2006-08-10

Viseu e o Museu Grão Vasco no "Jurnal Portughez (1941-1945)" de Mircea Eliade


A Editorial Kairós de Barcelona publicou, em Outubro de 2001, com tradução a partir do romeno de Joaquín Garrigós, o interessantíssimo Diario Portugués (1941-1945) de Mircea Eliade. Tal acontecimento não terá tido a repercussão esperada no nosso país cultural, não me parecendo mesmo haver alguma tradução programada em língua portuguesa, o que não deixa de ser estranho. Afinal, trata-se de um diário extraordinário sobre um periodo crucial da vida do sábio romeno passado em missão diplomática no nosso país. Afinal, o autor é indubitavelmente o historiador das religiões mais conhecido do século XX, com multímoda actividade cultural (de historiador, ficcionista, biógrafo...), sem esquecer a de professor universitário reputado em Bucareste, na Sorbonne de Paris e em Chicago.
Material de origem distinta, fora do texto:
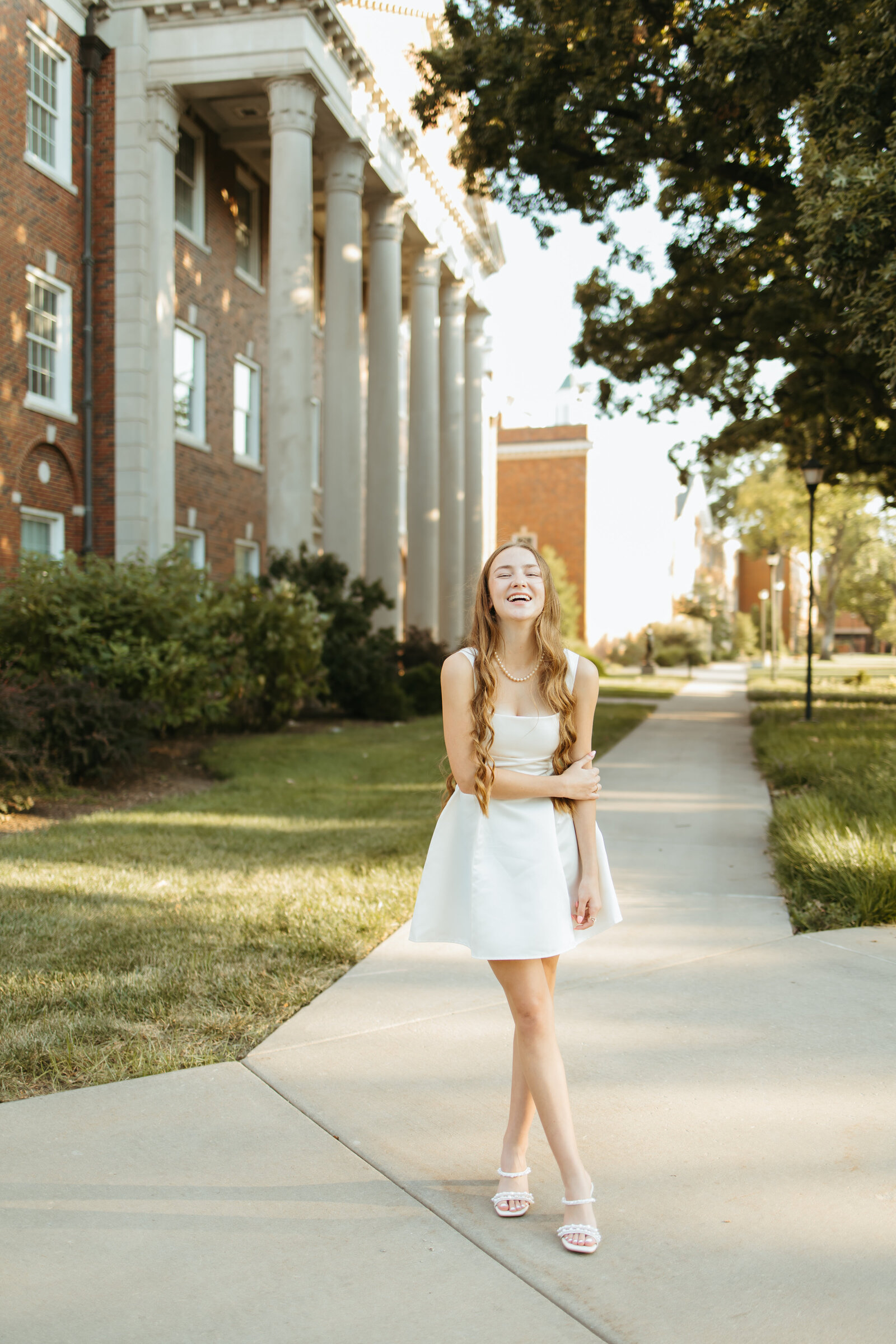 High school senior poses at wichita state university for senior photos with Ashley Cole Photography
Não sendo um livro muito agradável para o português de fácil ressentimento, as críticas à pobreza intelectual de Lisboa e à nossa congénita tibieza não constituem motivo para nos afastarmos deste diário que é um espaço de sedução e de conhecimento pátrio. O olhar percuciente de Eliade, de nós afastado pelo filtro da distância, ultrapassada que seja essa aparente aversão, permite uma visão desapaixonada de nós e uma biografia melancólica quase desconhecida de um autor mais do que conhecido que, não obstante algum desencanto, desvela um enorme fascínio por Camões ou por Eça e atracções rendidas por homens de cultura como Alfredo Pimenta, por exemplo.
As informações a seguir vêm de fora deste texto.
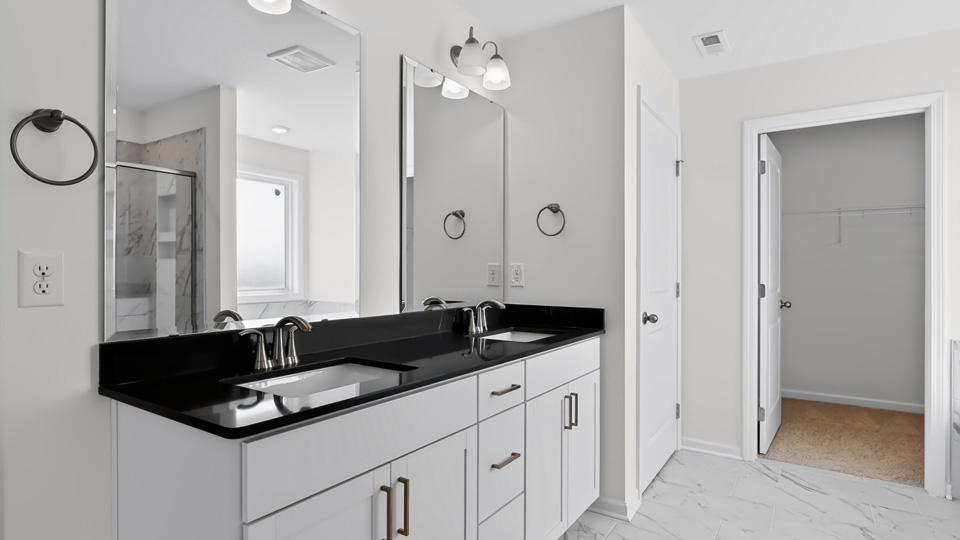 primary bathroom with dual vanity and quartz countertops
Lido de um sopro em Novembro de 2001, este diário, que o amigo Mário Casa Nova me trouxe de Madrid com o pretexto de uma provas académicas por mim superadas, é um livro necessário e urgente. O Diário português (1941-1945) contém ainda quatro anexos ("Impresiones de Portugal", "Notas sobre Ia estancia del ex rey Carlos II en Lisboa", "Prólogo al libro Salazar y la revolución en Portugal " e "Diario de Córdoba (Octubre, 1944)"), destacando eu, para o nosso particular, o primeiro deles, pela detenção aí prestada à cidade de Viseu. Trata-se, a meu ver, de um dos mais belos textos sobre a cidade de Viseu e uma das mais incisivas reflexões sobre a arte viseense, sendo também, acrescente-se, prova suficiente do vigor estilemático de um grande escritor que, sem a amargura acima mencionada, cede poeticamente ao fascínio único que arde no perfeito encaixe da nossa cidade, terra, afinal, caldeada desde longe no calor contínuo de criadores e criações.

Mircea Eliade, como o diz um Joel Schimdt, é, ao lado de Georges Dumézil, um dos pensadores mais originais do século XX. Importa, também por isso, que fitemos o arco de sal e deixemos que o mar entre pela janela. Dizem-no as palavras aladas de Al Berto. Di-lo a voz do nosso granito.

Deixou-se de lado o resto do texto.